According to the study, most sore throats are not caused by bacteria, but by viruses. Only 15% to 36% all sore throats are caused by the streptococcus (strep) bacteria.

For those infections that are caused by strep, the antibiotics penicillin or amoxicillin are the recommended first-line treatments. For patients who are allergic to penicillin, erythromycin and some cephalosporin medications are recommended, the study authors say.

Overall, 53% of the children seen were tested for strep. Of those who received an antibiotic prescription, 51% received the strep test.

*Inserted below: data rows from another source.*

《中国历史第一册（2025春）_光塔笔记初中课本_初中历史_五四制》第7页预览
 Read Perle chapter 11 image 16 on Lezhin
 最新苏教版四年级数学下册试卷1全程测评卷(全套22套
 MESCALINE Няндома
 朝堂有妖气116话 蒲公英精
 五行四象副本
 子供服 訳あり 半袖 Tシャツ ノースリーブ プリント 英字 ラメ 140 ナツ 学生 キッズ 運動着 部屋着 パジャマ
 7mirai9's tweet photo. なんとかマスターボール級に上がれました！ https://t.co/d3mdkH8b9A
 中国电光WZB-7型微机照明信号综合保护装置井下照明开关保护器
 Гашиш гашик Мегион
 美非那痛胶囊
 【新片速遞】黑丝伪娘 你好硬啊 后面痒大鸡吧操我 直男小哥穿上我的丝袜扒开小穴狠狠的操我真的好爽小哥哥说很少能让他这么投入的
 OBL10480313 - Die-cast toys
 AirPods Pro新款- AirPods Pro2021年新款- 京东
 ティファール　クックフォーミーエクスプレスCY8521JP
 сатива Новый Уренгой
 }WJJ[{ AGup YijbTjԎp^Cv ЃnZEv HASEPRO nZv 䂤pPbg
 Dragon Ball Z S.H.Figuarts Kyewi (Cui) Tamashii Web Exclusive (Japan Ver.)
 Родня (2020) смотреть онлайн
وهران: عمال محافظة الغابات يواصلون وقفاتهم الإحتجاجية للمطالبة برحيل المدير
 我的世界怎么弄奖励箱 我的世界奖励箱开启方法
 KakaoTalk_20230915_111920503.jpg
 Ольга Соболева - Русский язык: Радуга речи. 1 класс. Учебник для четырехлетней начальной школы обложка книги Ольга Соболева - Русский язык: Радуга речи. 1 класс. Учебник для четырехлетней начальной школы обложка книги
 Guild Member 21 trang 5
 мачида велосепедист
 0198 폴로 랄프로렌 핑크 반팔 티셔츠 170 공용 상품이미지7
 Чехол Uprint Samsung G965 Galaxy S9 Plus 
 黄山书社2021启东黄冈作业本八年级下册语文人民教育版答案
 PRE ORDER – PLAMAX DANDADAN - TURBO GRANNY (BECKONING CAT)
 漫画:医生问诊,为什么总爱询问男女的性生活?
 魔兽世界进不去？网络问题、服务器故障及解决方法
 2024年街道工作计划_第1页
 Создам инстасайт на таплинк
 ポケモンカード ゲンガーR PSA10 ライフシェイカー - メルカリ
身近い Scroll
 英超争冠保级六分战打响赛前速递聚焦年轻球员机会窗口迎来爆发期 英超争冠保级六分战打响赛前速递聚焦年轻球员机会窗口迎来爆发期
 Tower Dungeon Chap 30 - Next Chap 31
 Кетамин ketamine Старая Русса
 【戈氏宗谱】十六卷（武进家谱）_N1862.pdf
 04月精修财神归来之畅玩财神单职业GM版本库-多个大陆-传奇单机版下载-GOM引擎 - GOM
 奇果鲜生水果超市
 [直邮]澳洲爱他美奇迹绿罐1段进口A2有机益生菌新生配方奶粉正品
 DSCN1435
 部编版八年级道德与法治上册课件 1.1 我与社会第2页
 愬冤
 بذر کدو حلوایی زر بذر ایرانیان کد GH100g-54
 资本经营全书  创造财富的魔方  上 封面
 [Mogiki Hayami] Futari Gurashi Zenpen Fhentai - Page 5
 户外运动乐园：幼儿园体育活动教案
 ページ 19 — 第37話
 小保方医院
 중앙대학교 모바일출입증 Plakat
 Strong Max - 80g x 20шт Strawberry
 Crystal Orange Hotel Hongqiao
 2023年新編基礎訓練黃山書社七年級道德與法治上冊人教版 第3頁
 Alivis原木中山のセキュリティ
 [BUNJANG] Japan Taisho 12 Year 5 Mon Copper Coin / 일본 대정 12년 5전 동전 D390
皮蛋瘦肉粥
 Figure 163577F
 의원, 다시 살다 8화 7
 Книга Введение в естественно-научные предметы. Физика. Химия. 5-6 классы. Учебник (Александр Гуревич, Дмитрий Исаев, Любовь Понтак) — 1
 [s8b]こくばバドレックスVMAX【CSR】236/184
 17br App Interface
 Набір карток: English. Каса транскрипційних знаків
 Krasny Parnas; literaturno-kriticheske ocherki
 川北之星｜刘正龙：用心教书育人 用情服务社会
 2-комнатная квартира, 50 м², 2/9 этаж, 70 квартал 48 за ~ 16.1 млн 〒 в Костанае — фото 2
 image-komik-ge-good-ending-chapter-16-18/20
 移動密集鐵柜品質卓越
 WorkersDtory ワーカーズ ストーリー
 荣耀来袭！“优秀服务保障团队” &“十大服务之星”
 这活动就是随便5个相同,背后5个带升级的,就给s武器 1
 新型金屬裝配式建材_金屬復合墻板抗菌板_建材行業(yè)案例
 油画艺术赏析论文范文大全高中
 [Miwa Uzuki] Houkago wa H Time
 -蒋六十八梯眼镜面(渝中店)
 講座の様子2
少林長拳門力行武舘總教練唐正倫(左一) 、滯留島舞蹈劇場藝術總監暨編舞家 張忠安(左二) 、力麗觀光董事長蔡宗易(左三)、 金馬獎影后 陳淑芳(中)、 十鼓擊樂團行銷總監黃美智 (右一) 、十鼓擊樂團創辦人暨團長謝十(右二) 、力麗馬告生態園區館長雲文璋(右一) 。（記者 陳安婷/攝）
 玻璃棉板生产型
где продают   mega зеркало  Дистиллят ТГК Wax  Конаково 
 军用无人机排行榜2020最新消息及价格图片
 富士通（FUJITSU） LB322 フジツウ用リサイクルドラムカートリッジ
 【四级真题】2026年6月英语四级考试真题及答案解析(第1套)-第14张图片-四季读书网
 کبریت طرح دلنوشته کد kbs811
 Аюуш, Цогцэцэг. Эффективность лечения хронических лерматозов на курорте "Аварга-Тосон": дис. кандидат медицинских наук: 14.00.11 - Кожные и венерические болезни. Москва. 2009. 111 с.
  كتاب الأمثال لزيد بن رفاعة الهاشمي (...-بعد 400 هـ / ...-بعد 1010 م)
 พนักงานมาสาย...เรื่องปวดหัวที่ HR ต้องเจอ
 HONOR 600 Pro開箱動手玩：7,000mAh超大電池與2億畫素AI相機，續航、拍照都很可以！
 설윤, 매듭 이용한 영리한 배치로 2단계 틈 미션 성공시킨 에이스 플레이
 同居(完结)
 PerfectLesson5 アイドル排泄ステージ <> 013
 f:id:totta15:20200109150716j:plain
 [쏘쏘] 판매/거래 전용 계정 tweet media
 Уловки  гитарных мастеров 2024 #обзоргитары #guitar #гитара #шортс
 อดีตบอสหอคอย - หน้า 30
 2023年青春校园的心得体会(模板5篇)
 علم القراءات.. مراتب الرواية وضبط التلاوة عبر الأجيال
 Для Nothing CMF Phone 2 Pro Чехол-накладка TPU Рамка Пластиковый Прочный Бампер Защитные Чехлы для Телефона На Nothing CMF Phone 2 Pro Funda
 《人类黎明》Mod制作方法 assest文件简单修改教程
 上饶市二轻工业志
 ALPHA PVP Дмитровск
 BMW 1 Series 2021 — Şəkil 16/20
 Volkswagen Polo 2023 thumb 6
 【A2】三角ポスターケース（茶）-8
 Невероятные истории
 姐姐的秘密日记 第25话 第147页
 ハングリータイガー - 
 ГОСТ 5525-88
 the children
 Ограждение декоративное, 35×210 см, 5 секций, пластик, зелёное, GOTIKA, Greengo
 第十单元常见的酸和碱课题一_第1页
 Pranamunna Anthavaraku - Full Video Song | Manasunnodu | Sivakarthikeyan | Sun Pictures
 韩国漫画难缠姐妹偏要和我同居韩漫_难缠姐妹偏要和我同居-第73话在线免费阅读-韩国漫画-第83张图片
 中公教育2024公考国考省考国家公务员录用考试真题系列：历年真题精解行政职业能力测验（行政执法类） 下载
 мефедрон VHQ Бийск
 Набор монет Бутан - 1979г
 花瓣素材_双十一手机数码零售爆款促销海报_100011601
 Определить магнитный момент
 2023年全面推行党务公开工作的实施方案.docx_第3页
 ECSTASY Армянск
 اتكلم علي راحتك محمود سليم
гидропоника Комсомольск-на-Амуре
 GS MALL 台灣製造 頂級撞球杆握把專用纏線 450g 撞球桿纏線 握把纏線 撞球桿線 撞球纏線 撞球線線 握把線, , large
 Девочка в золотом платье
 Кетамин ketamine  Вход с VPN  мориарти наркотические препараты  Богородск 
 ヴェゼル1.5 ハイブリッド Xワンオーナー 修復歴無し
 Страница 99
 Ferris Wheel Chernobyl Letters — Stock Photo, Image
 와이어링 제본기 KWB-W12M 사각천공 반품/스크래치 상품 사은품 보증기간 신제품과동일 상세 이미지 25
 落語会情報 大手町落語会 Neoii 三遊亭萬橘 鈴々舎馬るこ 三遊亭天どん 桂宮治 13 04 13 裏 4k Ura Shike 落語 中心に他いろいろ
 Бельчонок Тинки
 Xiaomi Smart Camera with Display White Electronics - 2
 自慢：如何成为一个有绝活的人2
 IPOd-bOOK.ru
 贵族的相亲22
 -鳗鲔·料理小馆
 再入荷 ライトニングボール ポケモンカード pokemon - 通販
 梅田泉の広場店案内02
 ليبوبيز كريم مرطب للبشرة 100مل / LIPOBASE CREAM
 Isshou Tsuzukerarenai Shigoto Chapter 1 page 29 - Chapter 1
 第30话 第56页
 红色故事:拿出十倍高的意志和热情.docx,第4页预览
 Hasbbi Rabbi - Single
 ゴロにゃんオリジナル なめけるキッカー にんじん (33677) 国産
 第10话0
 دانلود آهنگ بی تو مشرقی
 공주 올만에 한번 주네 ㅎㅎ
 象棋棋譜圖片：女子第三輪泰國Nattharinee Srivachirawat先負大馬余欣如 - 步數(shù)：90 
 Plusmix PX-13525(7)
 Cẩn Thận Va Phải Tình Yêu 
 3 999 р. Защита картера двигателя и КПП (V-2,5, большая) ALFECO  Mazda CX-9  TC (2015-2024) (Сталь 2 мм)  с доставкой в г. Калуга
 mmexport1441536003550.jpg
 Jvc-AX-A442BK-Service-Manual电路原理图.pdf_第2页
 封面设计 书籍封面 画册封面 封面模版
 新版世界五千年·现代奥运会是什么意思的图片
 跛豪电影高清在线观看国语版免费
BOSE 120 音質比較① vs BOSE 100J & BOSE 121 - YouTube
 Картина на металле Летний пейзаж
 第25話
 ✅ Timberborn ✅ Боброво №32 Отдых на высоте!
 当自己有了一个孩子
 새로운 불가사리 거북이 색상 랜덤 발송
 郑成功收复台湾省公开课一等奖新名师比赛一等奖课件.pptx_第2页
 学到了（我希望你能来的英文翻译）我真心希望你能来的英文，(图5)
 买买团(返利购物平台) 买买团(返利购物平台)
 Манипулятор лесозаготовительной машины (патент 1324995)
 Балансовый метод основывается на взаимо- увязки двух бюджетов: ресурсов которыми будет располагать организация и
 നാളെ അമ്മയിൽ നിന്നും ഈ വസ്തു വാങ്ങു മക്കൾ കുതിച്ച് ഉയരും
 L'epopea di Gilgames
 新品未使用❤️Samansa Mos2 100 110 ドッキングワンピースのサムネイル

Almost 100% of these kids should have had the strep test," says study author Dr. Jeffrey Linder, an associate physician at Brigham and Women's Hospital and an instructor in medicine al Harvard University Medical School, both in Boston. "That was surprising. This is an example where there's a good test available and what you should do is pretty clear," he says.

At most, 35% of the children would be expected to have strep, but more than 50% were given antibiotics, according to the study. The good news is that that number is 12% lower than it was in 1995. The bad news is that almost one in five of these prescriptions is probably unnecessary, the researchers say.

Linder says that in addition to concern about antibiotic resistance, parents should be cautious about giving children unnecessary medications because all drugs, including antibiotics, have certain risks.

"Exposing kids to medicine they don't need may not help them, and it exposes them to all the risks of the drug," he says.

The Second Study

The second study included 334 primary-cate doctors from 12 rural areas in Idaho and Utah' Half of the communities received community intervention, which included press releases, educational materials and a direct mailing to parents who had children younger than age six about the appropriate use of antibiotics.

The other half of the communities received the same community intervention. The doctors were also given a clinical decision support system (CDSS), which is a step-by-step guide for the appropriate diagnosis and treatment of acute respiratory infections.

The antibiotic prescription rate dropped by nearly 10% in the CDSS group and went up slightly in the community intervention-only group. Antibiotic prescriptions deemed "never indicated" by study guidelines dropped 32% in the CDSS group, but only fell 5% in the community intervention-only group.

The results of these studies indicate that the use of a clinical decision-making tool for physicians and the consistent use of strep testing might help reduce the number of inappropriate antibiotic prescriptions.